Sometimes I even write about frustrations I am having... for instance, my main character does not like doing dishes!

Questions for Comment: What things do you feel passionate about? Or perhaps even frustrated by? Have you tried writing those things into your stories? Have you found that doing so makes your stories more realistic and colorful?


Edit Later, Spell Check Now.

I am a firm believer in waiting to make major edits until I am done writing something. Editing usually takes on a multitude of levels, so trying to critique my work on all of these levels at once while I am writing it leads to one frustrated perfectionist. I can't get anything done. I make myself reread everything I have already written before I start writing something new. I decided to quit that approach around page 36.

Now, I have been enjoying writing my novel with my inner critique light turned off. My creativity has definitely been cultivated by this effort, because every time the practical side of my brain wants to say "that's not feasible," the creative side of my brain says, "I will come up with a way to make it feasible."

That said, I have also found it incredibly helpful to try to make accurate word choices and use proper spelling as I go about writing my manuscript.

For instance, who knew "catapult" was spelled with two a's? Not me. Until about four minutes ago.
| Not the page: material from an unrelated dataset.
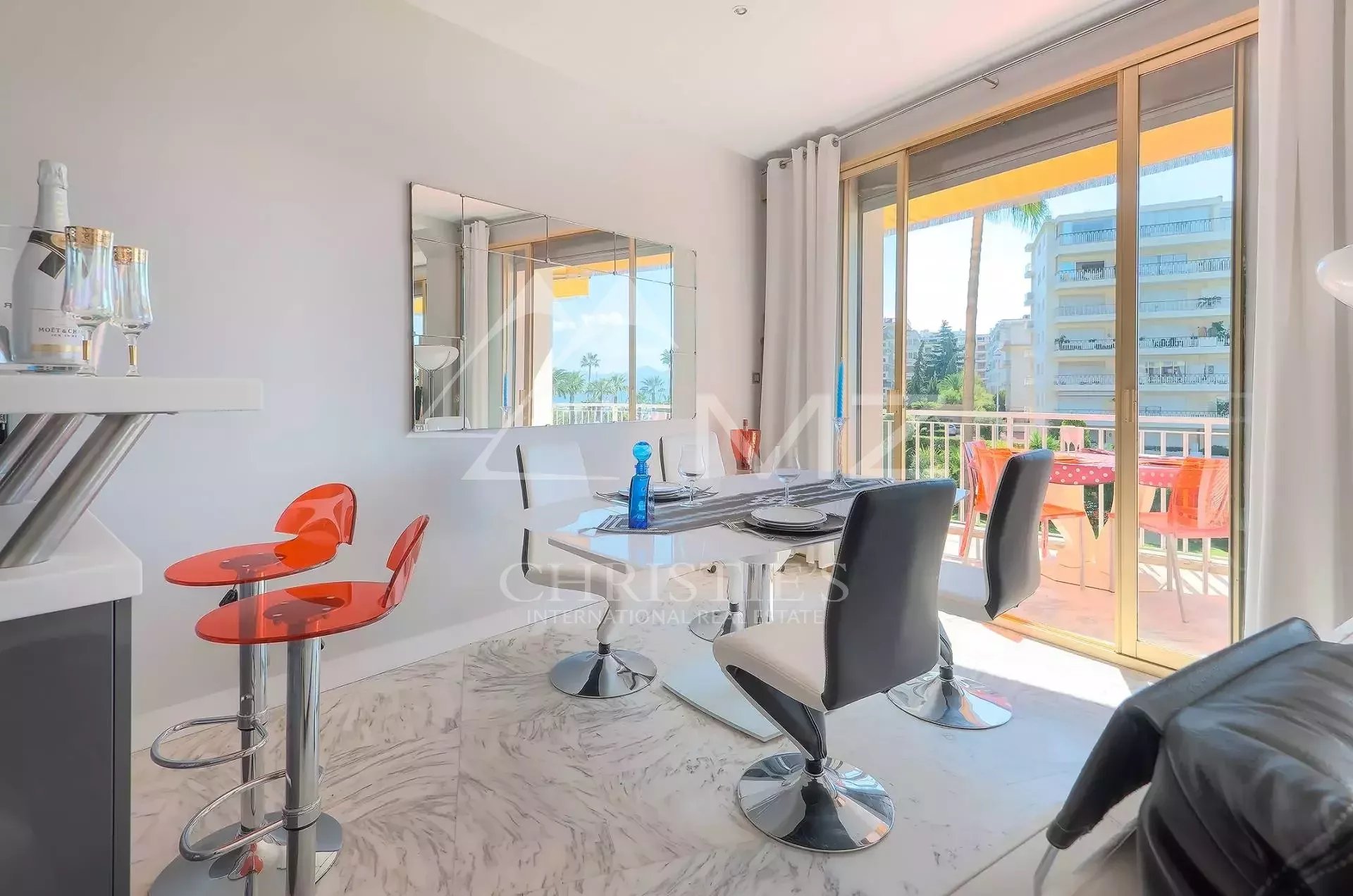 Bright dining area with a marble floor, a white table set for four, and orange bar stools near a champagne bottle on a small counter. Sliding glass doors open to a sunny balcony with orange chairs outside.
While Spellcheck software might catch most of the spelling errors we make, it cannot help us remember the alternative, clearer wording we almost chose.

I have found that it's worth the extra second or two to pick the best wording and Google questionable spelling (as well as grammar) as I go along. Otherwise, the errors could be lost until they find themselves in the hands of an unsuspecting reader.

Do you participate in the editing process during or after writing? Perhaps a little bit of both?What strategies have you found that work well to help you cultivate creativity while also keeping your format, style, and grammar in line?


Review of Remember to Forget

From time to time, I will write book reviews of pieces I've read that I think you might also enjoy. For my first book review installment, I will look at Remember to Forget by Deborah Raney.

Imagine yourself driving through a bad area of New York City, when suddenly your car gets carjacked. Panic, fear, and shock run through your head. But for Maggie Anderson, another emotion tags along: relief.

Maggie struggles in an abusive relationship. In the past, all her attempts at escaping have proven futile, as Kevin, her frightening boyfriend, always finds her, wherever she tries to hide. The carjacking provides a totally different opportunity, however, and for the first time, Maggie realizes that her dreams of escape might actually be realized.

Trecking across many states in the pursuit of a new life for herself, Maggie eventually ends up at a charming bed and breakfast and makes friends with your typical bed-and-breakfast types, including a handsome bachelor, Trevor, who has his own past to deal with: a wife and child who were suddenly killed.

Will Maggie ever learn to trust again? Will she act on her interest in Trevor, or be forced to return back to Kevin?

Remember to Forget does a brilliant job of weaving together characters with difficult pasts. Raney makes Maggie quite believable, as Maggie continues to question herself and the kindness of others throughout the book, evidence of the trauma she's experienced. Trevor is irresistible, and you'll find yourself screaming, "Open your eyes, Maggie, and tell him how you feel!" half-way through the book. The tucked-away bed and breakfast works as a perfect hiding spot for Maggie, and you will enjoy hiding away alongside her as she learns to heal from her abusive past.

The beginning of this book is so engaging that it had me dreaming I was Jack Bauer after reading it at night! The ending is equally sparkling and will have you skipping pages to find out what happens.

While the plot sags just a bit in the middle of the book, the character development is excellent so it gives you a nice opportunity to focus on the characters themselves.

Remember to Forget is an excellent choice if you like a quaint setting or are looking for a quick-read romance with a hint of adventure.